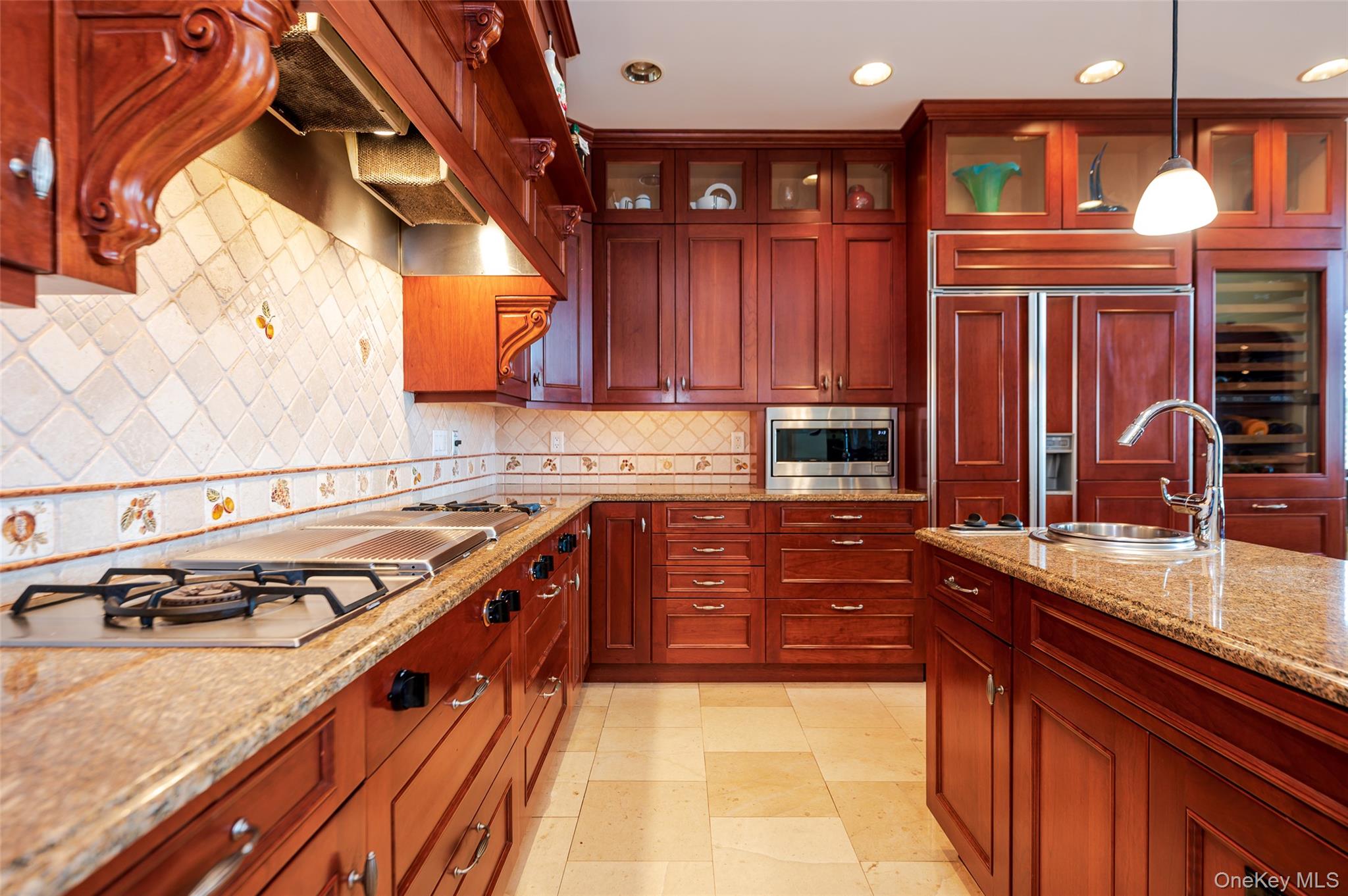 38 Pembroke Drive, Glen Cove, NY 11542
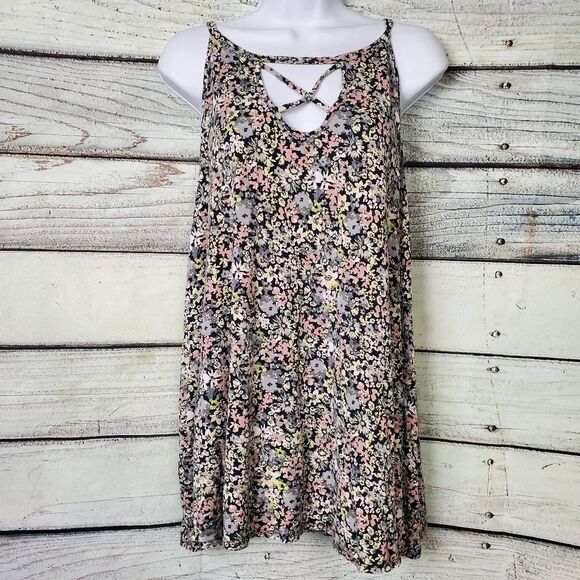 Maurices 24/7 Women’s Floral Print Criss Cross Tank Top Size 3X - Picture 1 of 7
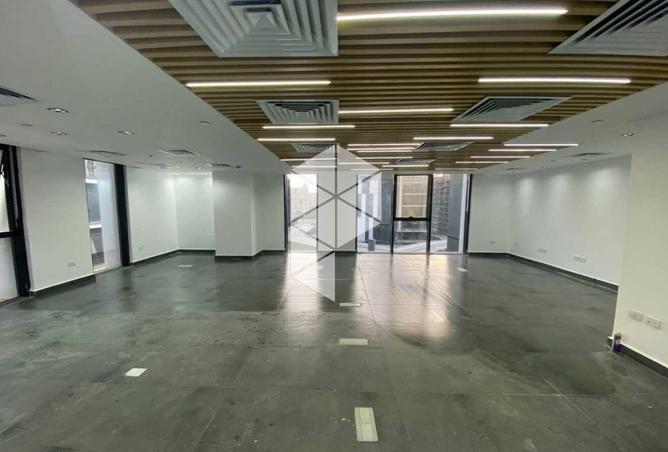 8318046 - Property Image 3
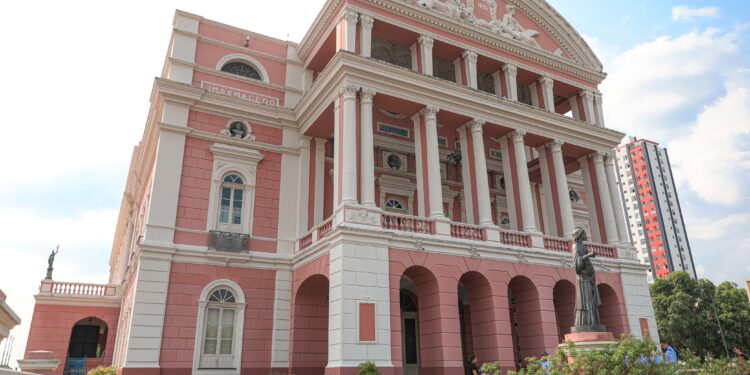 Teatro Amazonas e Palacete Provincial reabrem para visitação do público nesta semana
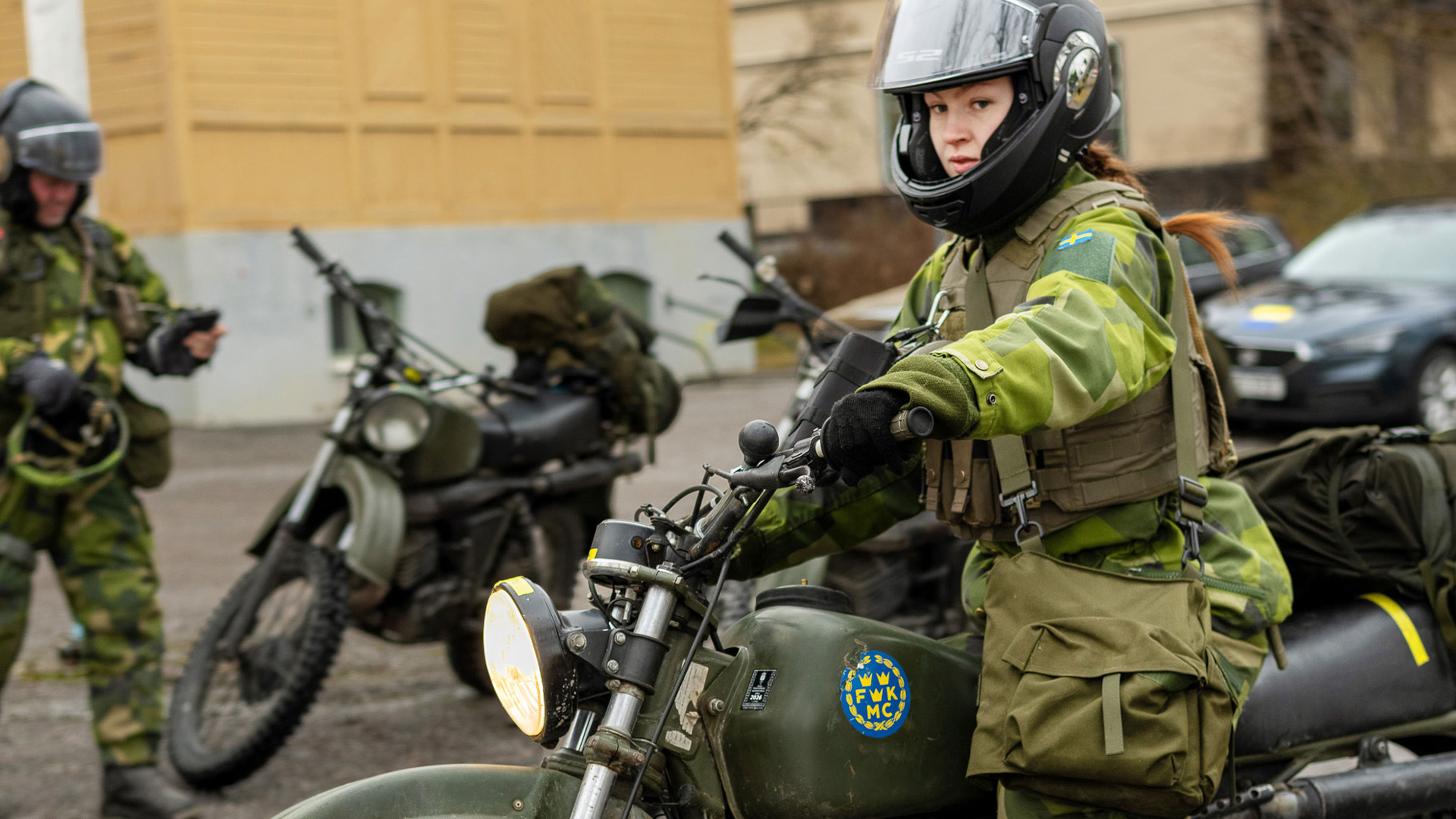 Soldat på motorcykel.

--

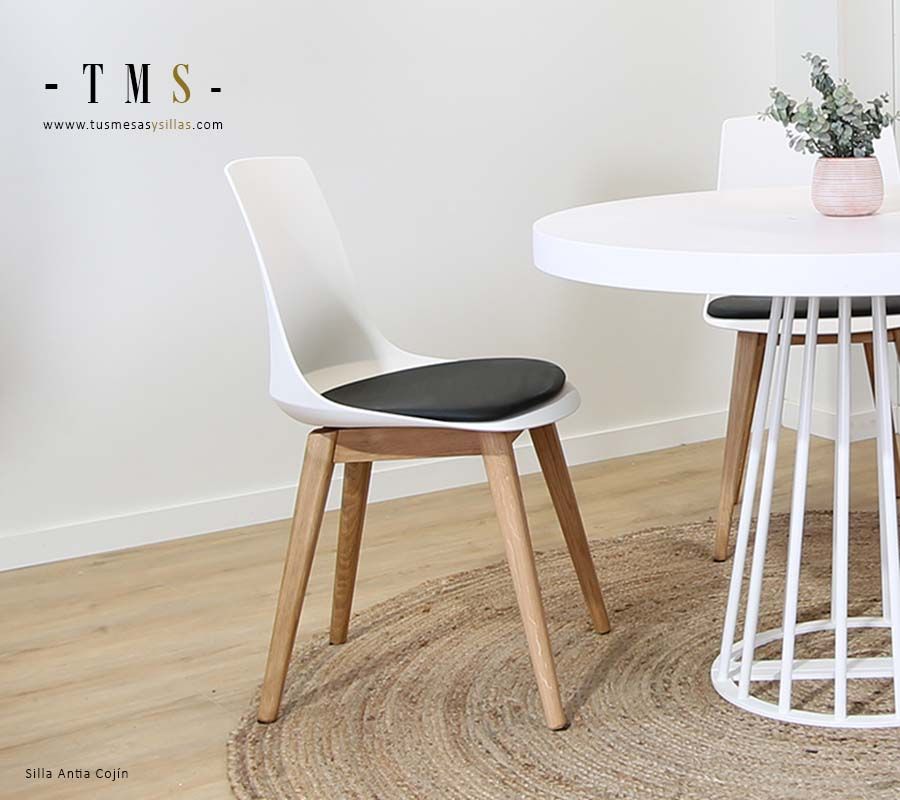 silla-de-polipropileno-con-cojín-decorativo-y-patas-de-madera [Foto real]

* * *

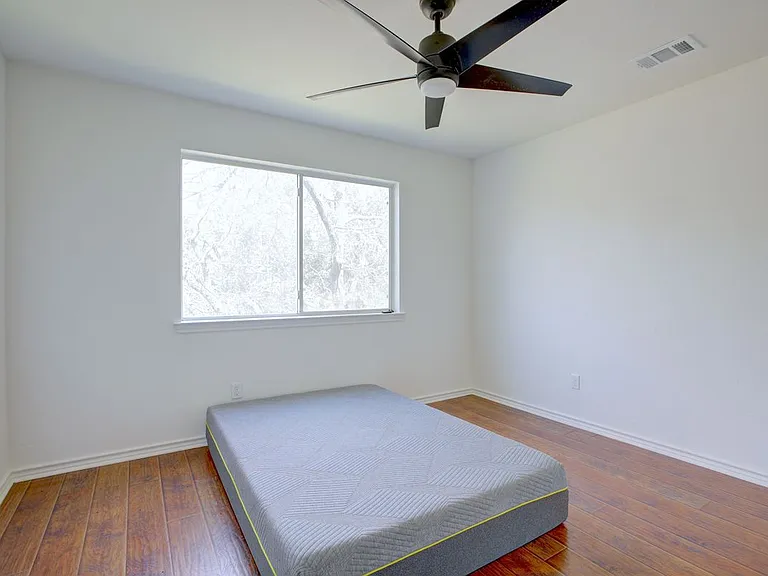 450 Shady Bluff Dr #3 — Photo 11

▶ [GOAL OF THE EXERCISE] Within the listing above, the lines from the one with "Maurices 24/7 Women’s" through the one with "Soldat på motorcykel." are to be given again word for word. Do not include pictures.

▶ [WORKED SOLUTION]
 Maurices 24/7 Women’s Floral Print Criss Cross Tank Top Size 3X - Picture 1 of 7
 8318046 - Property Image 3
 Teatro Amazonas e Palacete Provincial reabrem para visitação do público nesta semana
 Soldat på motorcykel.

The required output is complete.